Whatever the environment is, whenever there is a limitation in communication, whenever there is a wait before a communication can take place, the biggest impact is beard upon by the QA team. Before discussing the how part, I would like to give a pre-amble so that the reader can empathize with us. Lets take an average team, with 2 QA engineers, 6 dev engineers , 1 scrum master and 1 product owner. If you draw a one-to-many mapping within the team members, and imagine traffic flowing across these lines in both direction, the amount of traffic flowing from QA engineers to the rest of the team will be the highest. Why is this ?

During the period of an iteration, a scrum master’s communication with the team will be about helping them out from any blocks, most of the time its passive and equally it happens via email as well. A product owner’s role is to define the acceptance criteria and clear any clarification on that if necessary, again that’s passive. A CM engineer does where is requested from the team. A passive communication is when, instead of the main subject, the opposite member initiate the talk.  A developer works on one story at a time, and at most, he or she might have to talk to the product owner for clarification of the acceptance criteria. Most of these communication happens as part of the daily stand-up.

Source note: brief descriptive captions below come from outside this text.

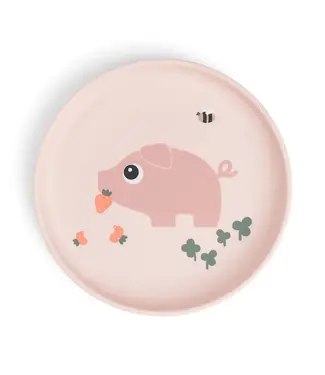 Done by Deer Foodie plate - Tiny Farm Blush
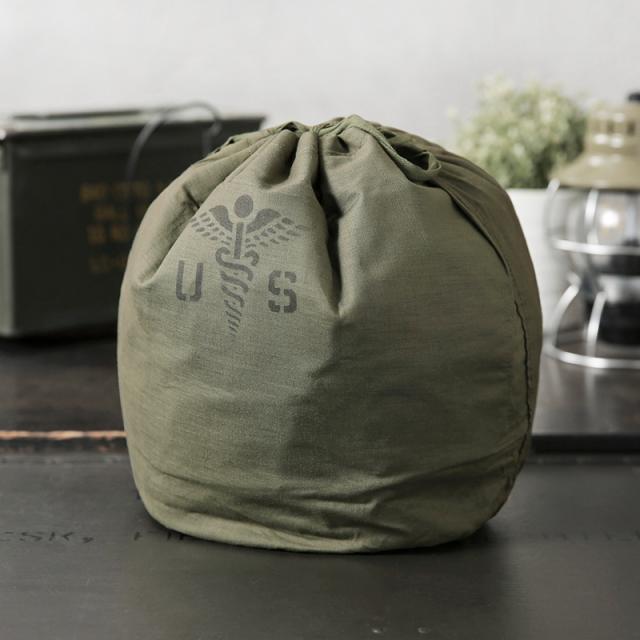 実物 新品 デッドストック 米軍 パーソナル エフェクツ バッグ LARGE【Cx】【I】｜ミリタリー 巾着袋 ポーチ アメリカ軍 ロゴ ステンシル カーキ オリーブ 軍放出品 古着 ファッション おしゃれ_5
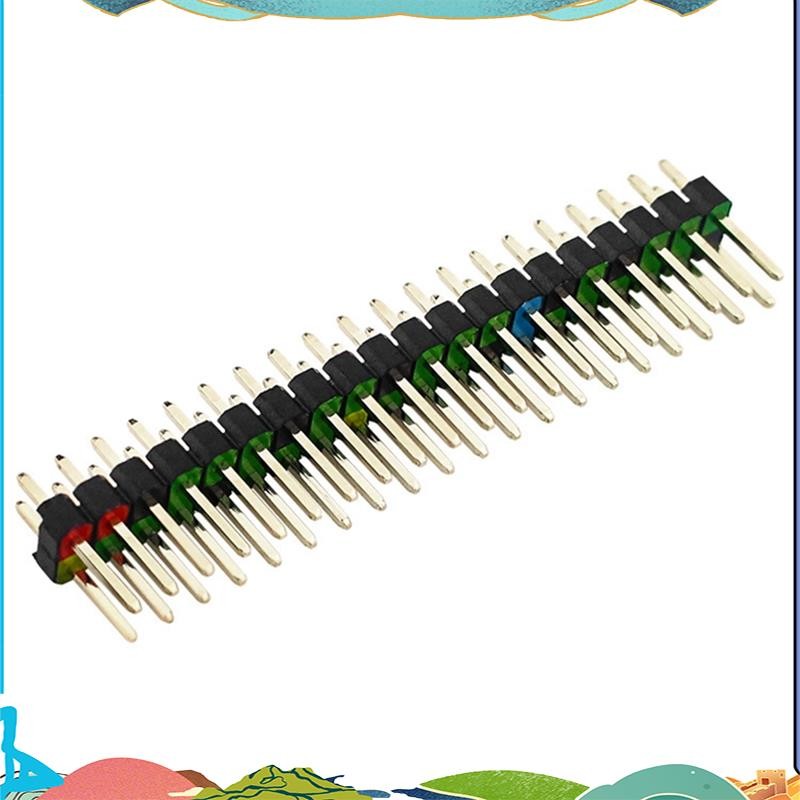 5 ชิ้น 2 X 20 Pin ชาย GPIO Header GPIO Connector Stacking Header ขยาย ...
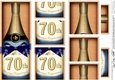 DL 70th Birthday Champagne in a Box with top & bottom stacker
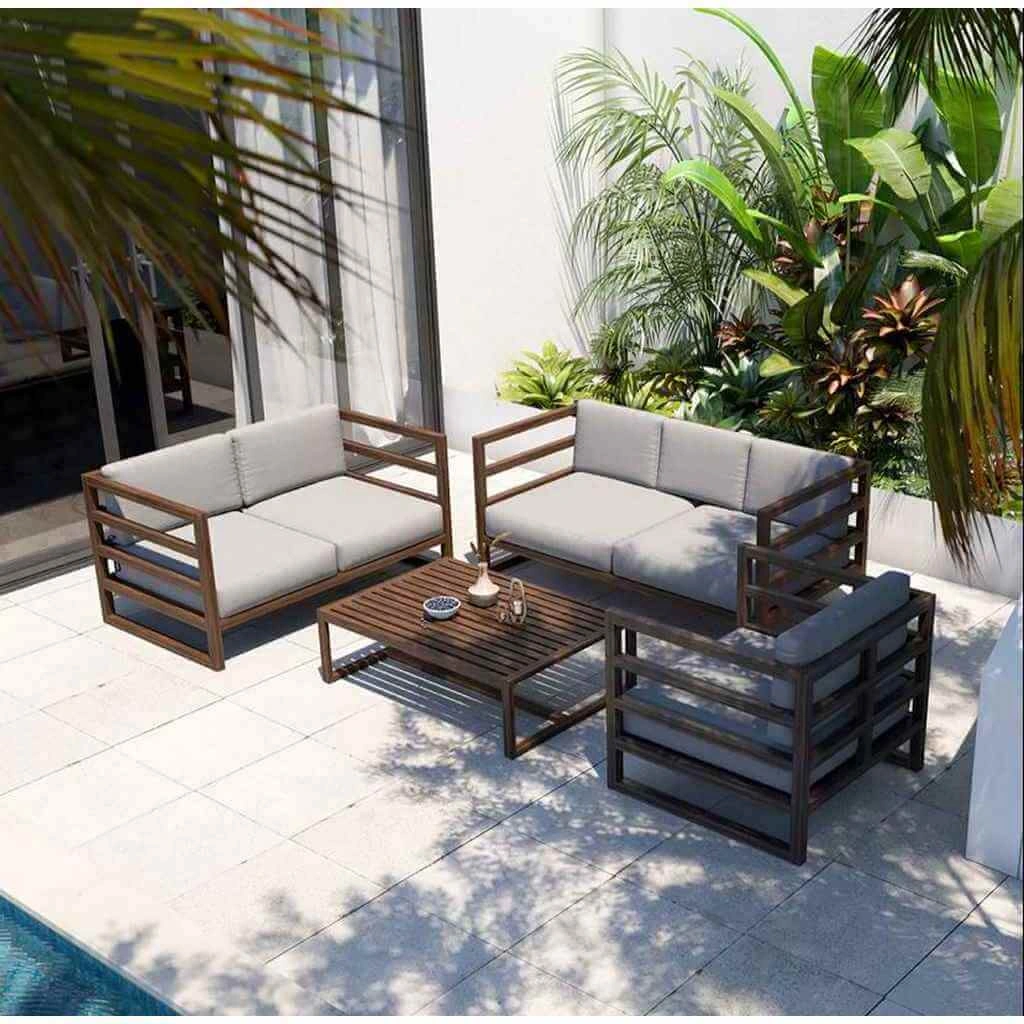 Outdoor Set - Grey & Brown - Image 2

But a QA engineer will be working on more than one story at a time, say for example 3 which happens in agile. He needs to talk to 3 developers every time he finds a defect or want to clarify the way a feature behaves. If there is a defect every half an hour, then there is an active communication involved every half an hour with the corresponding developer and the product owner, in most cases. Besides that, there might be build and environmental issues that involves back and forth communication with CM engineer. Every time something needs to be tested in stage, a communication with CM engineer is a must. For every story, any addition/deletion to acceptance criteria involves communication with the product owner. Sometimes, it is necessary to communicate with marketing department as well.

Imagine if we have to wait and there is a delay involved in every aspect of the above mentioned communication, then we might as well move back to water-fall model. The argument here is, which kind of  setup  equip the team with the best environment for faster communication. One can argue that chat clients and phone are alternative to faster communication. It might be true to some extent, but they have their own limitations. The person you want to talk might not be online or not there to accept your call and not all type of discussions can happen via chat or telephone. But the open type environment encourage face to face communication which could happen at any time. You are always seeing the team and in touch with the team.

I think, for Agile, the environment should be open type to fully utilise the agility this model provides.